Copy exactly. Include the line containing "For sale land in San Kamphaeng, Chiang Mai", every line after it, and the last line below, but no pictures.

═════ Information given ═════

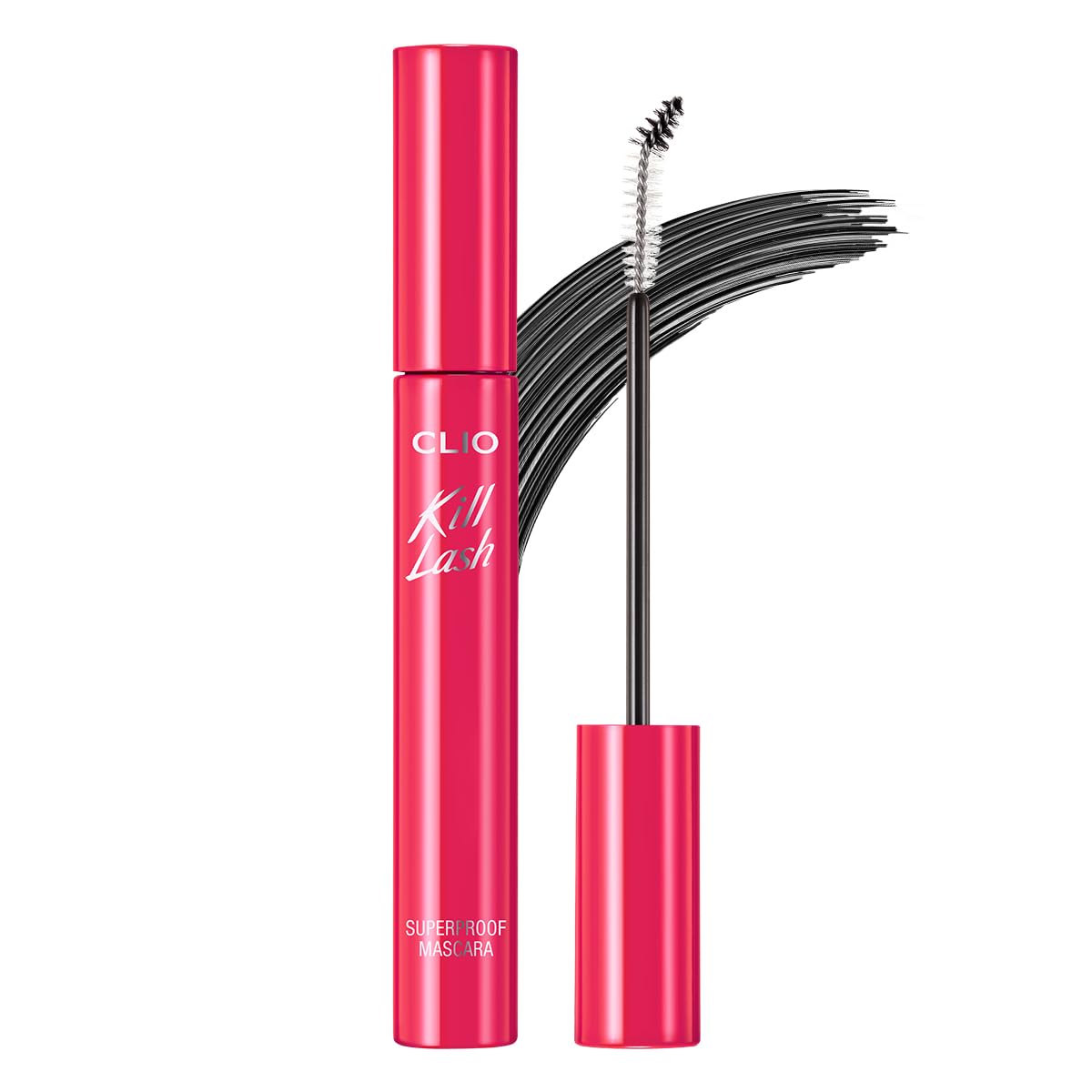 CLIO KILL LASH SUPERPROOF MASCARA 20 BOUNCY LASH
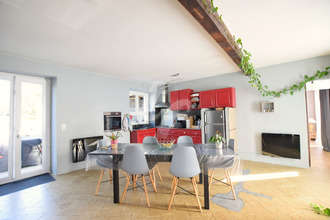 achat maison heric 44810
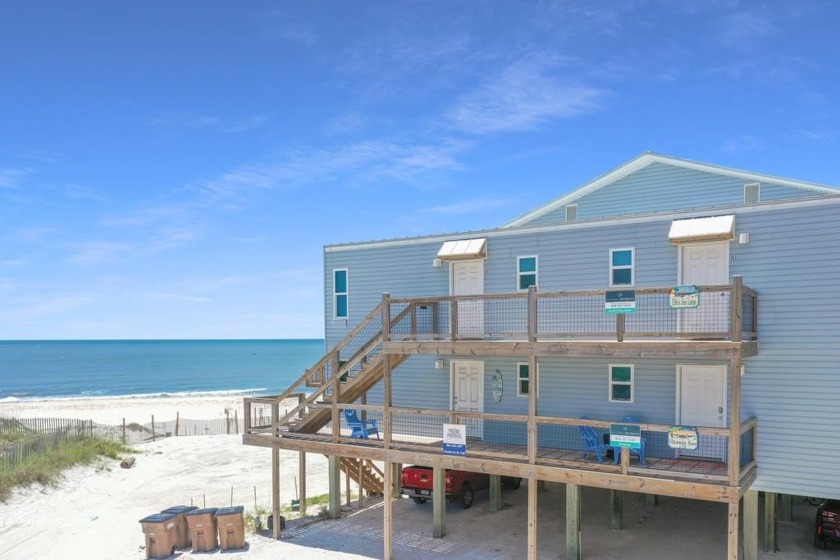 Discover your dream beach getaway with this stunning property - Beach Townhome/Townhouse for sale in Cape San Blas, Florida on Beachhouse.com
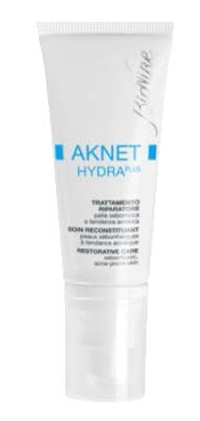 AKNET HYDRA PLUS 40 ML - farmavitality.it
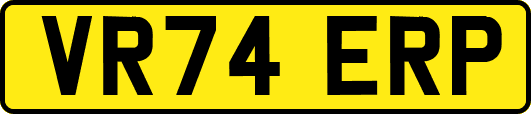VR74ERP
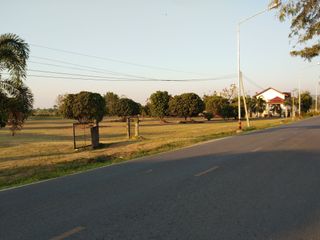 For sale land in San Kamphaeng, Chiang Mai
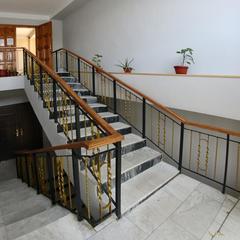 Гостиница Чешский дом, Адлер, Краснодарский край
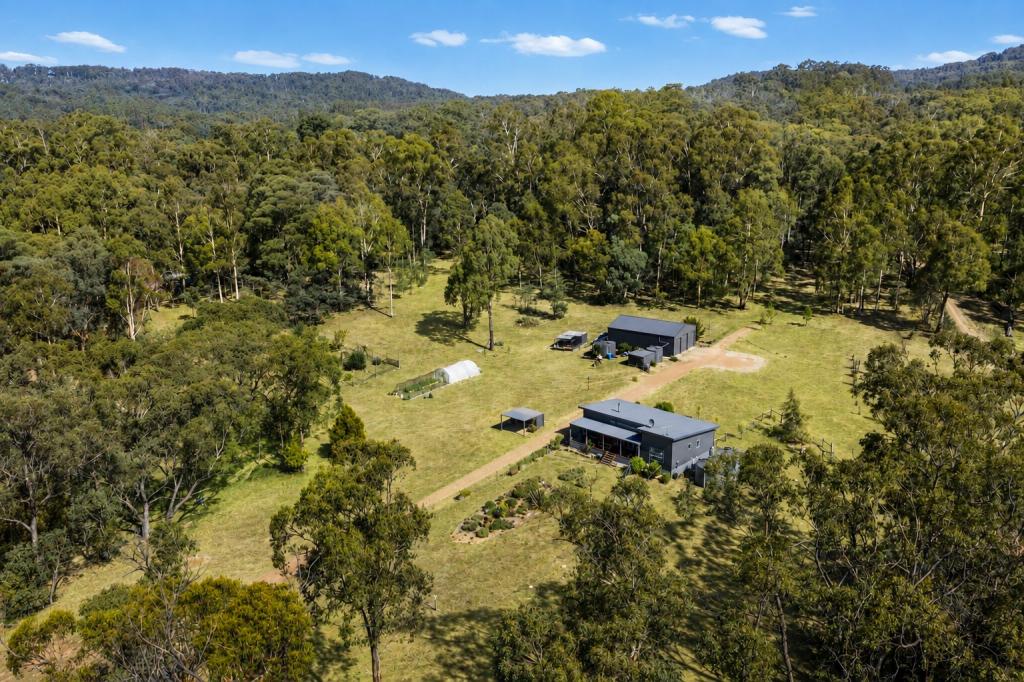 88 Altmans Rd, Tolmie, VIC 3723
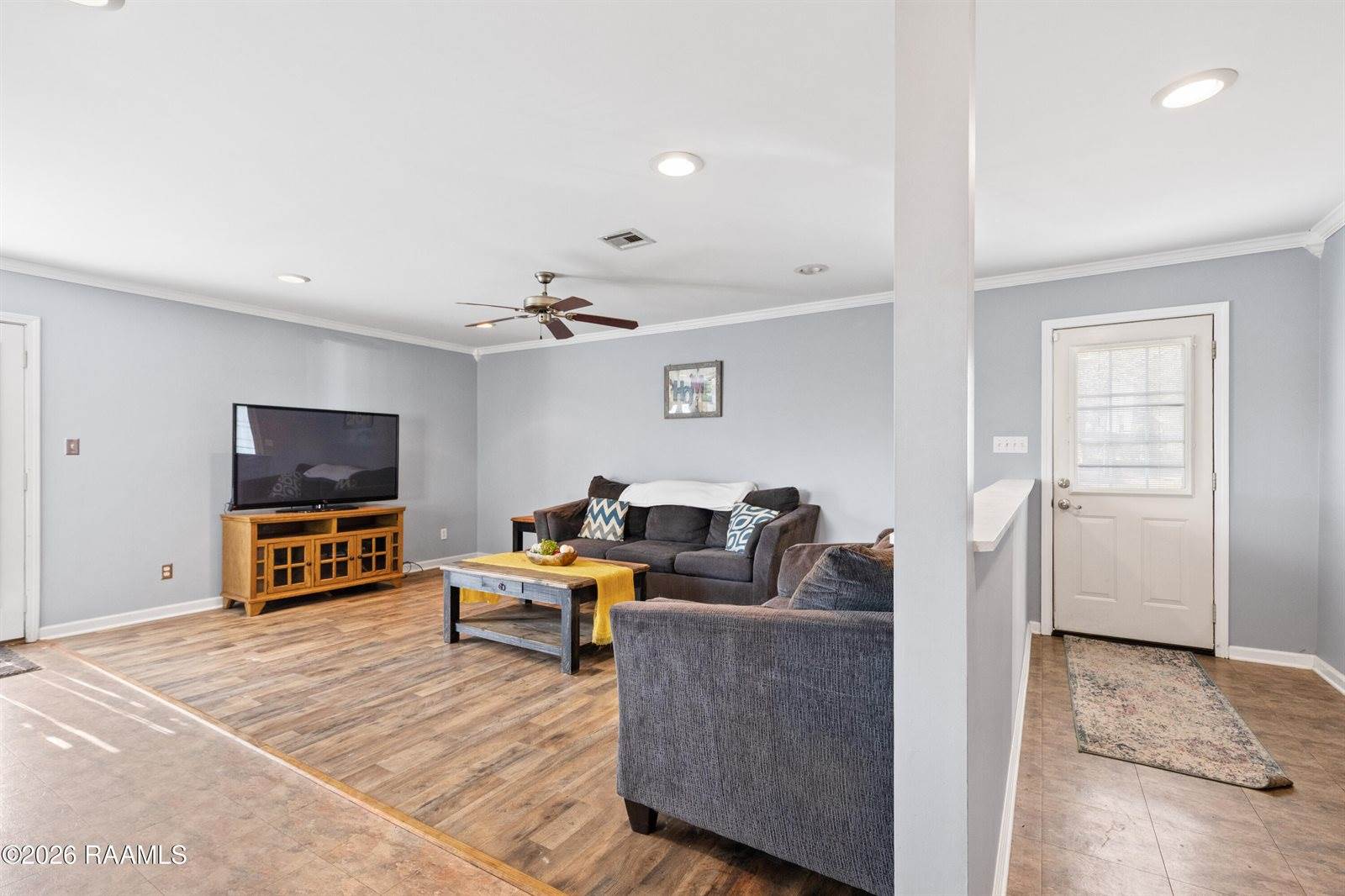 604 St. Esprit Road, Carencro, LA 70520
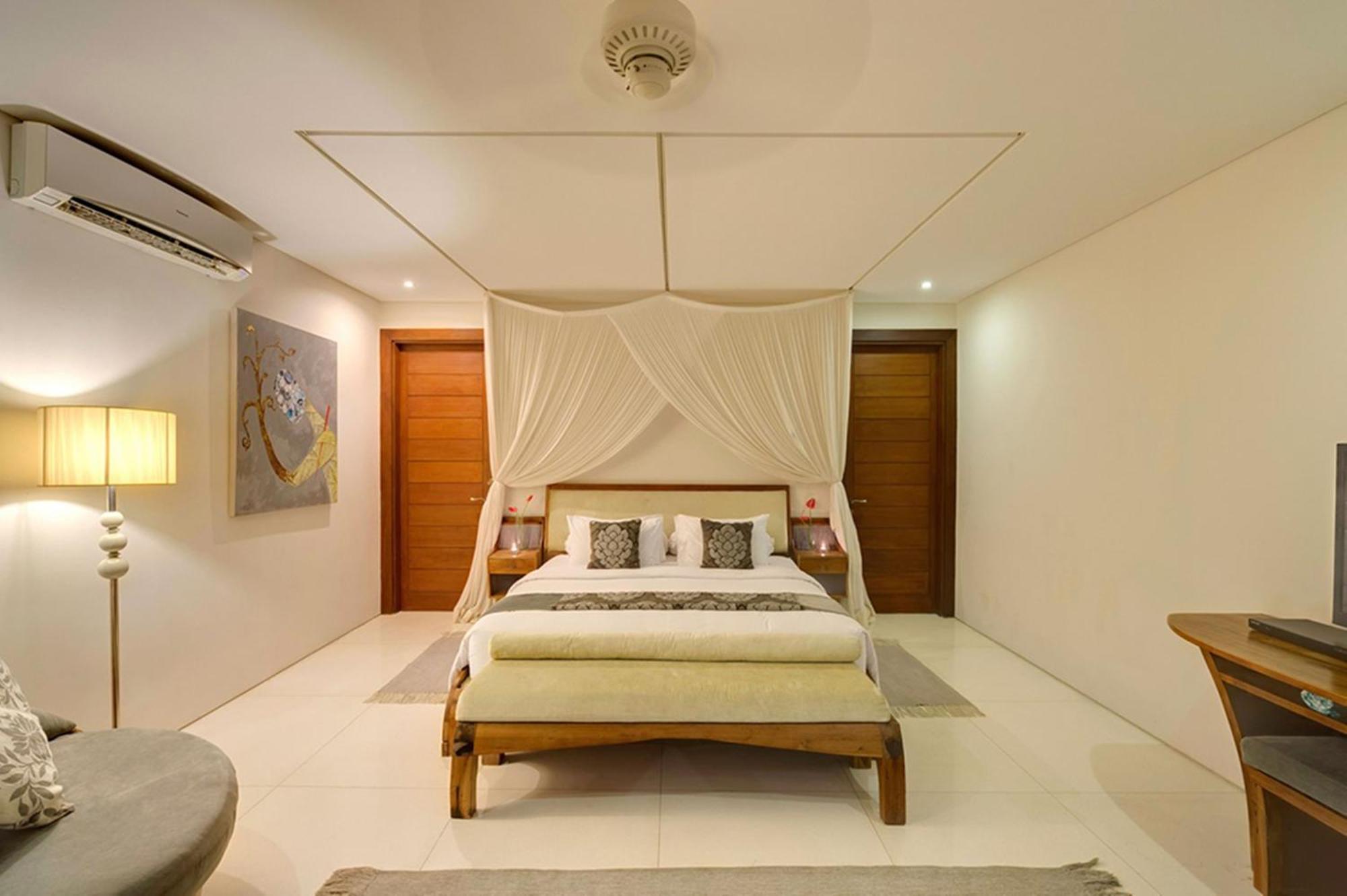 Villa Lataliana Seminyak Extérieur photo
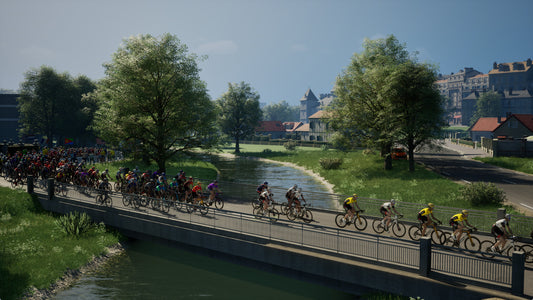 Pro Cycling Manager 2025 Steam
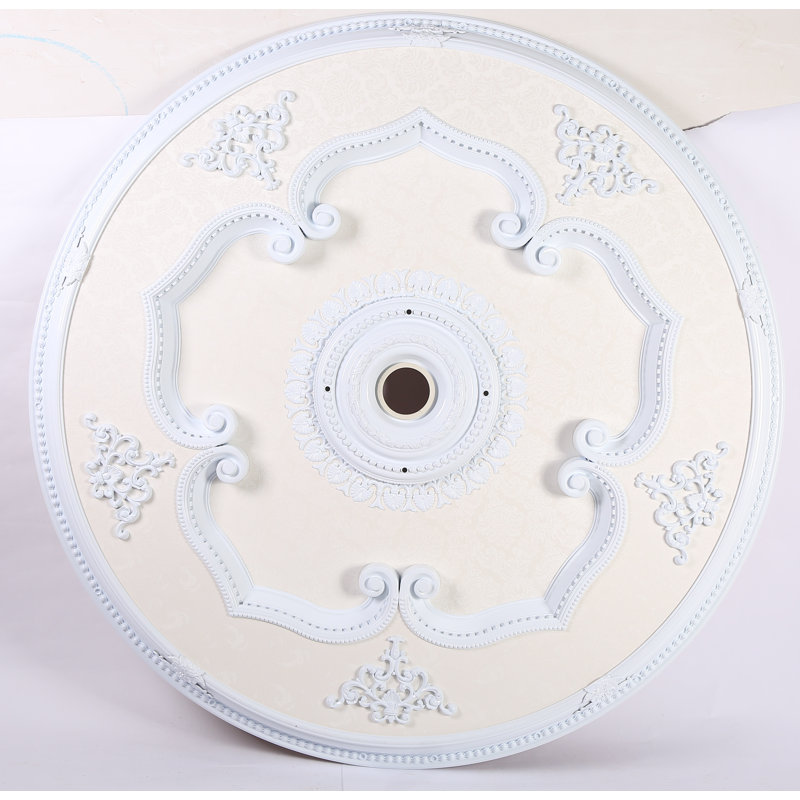Médaillon de plafond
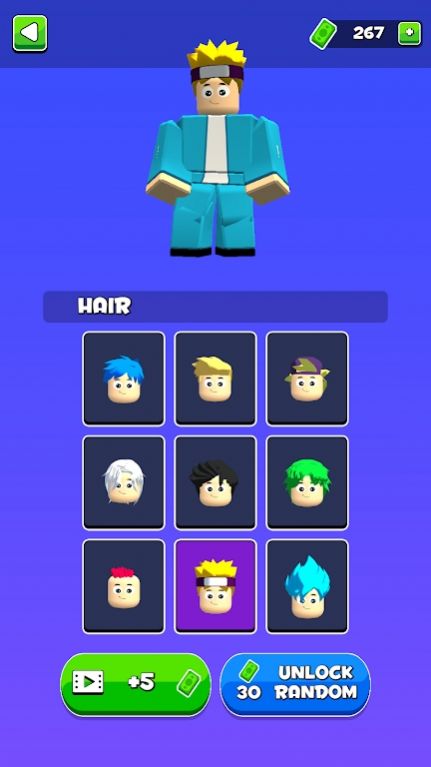 驾驶竞速挑战赛游戏中文版截图1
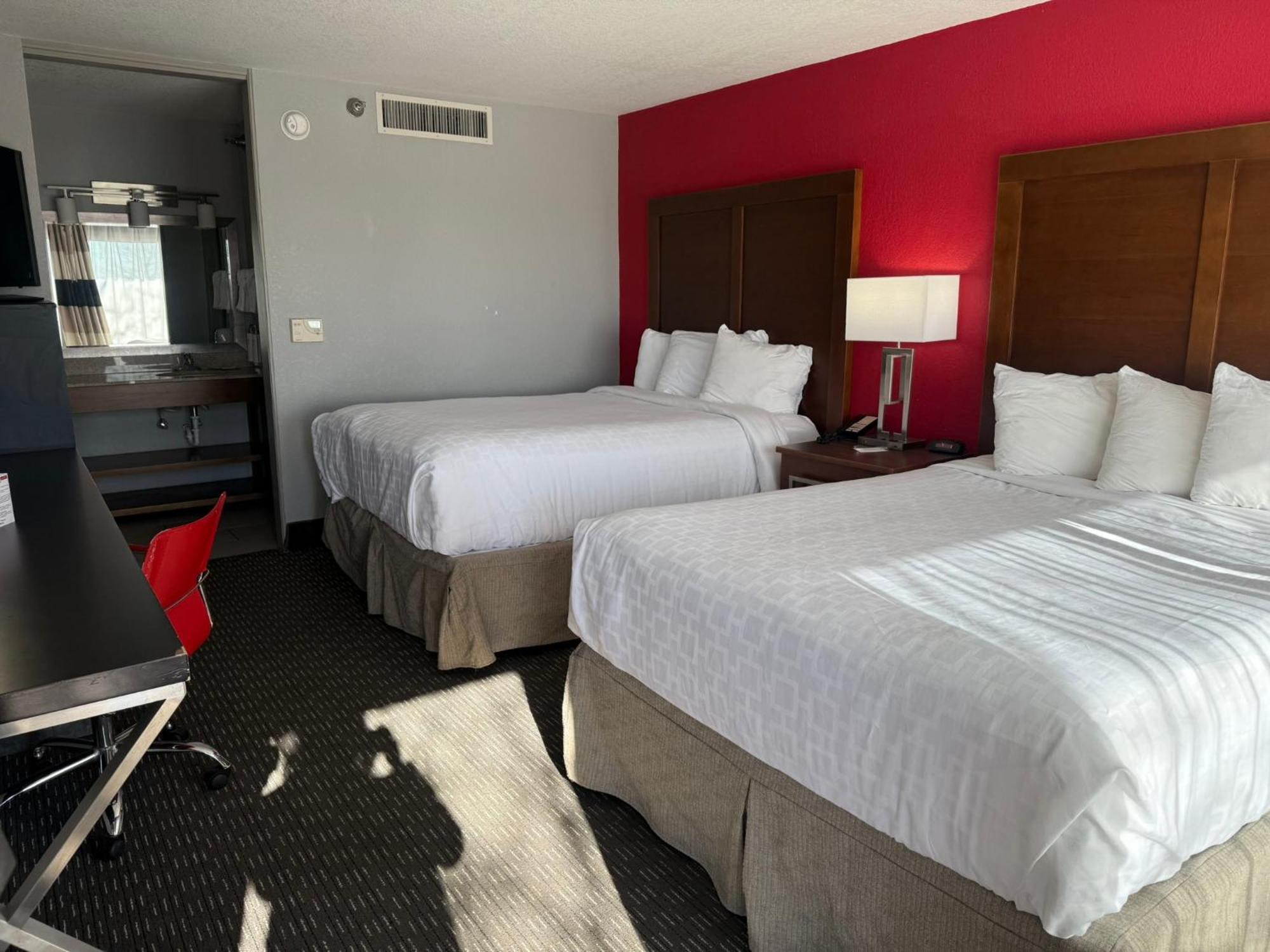 Sonesta Essential - Rapid City Bagian luar foto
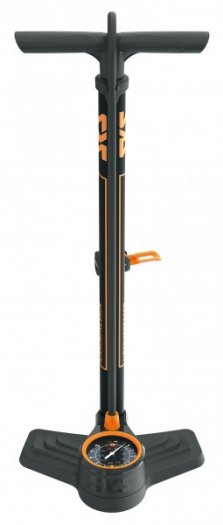 SKS - GERMANY  AIRKOMPRESSOR 10.0 MŰHELYPUMPA [11661]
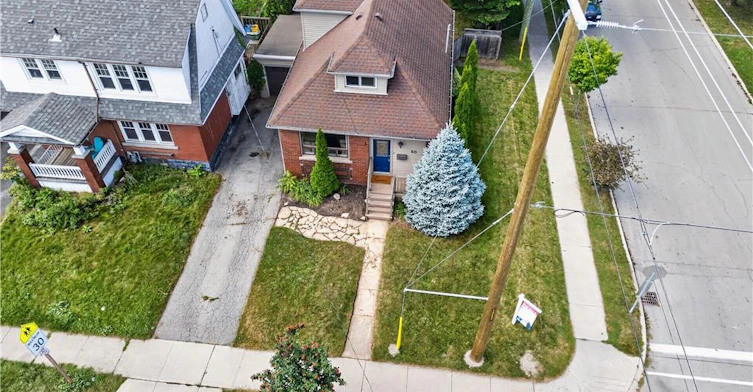50 Wexford Avenue S, Hamilton, ON, L8K 2N6 - 46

═════

### Result of the task
 For sale land in San Kamphaeng, Chiang Mai
 Гостиница Чешский дом, Адлер, Краснодарский край
 88 Altmans Rd, Tolmie, VIC 3723
 604 St. Esprit Road, Carencro, LA 70520
 Villa Lataliana Seminyak Extérieur photo
 Pro Cycling Manager 2025 Steam
Médaillon de plafond
 驾驶竞速挑战赛游戏中文版截图1
 Sonesta Essential - Rapid City Bagian luar foto
 SKS - GERMANY  AIRKOMPRESSOR 10.0 MŰHELYPUMPA [11661]
50 Wexford Avenue S, Hamilton, ON, L8K 2N6 - 46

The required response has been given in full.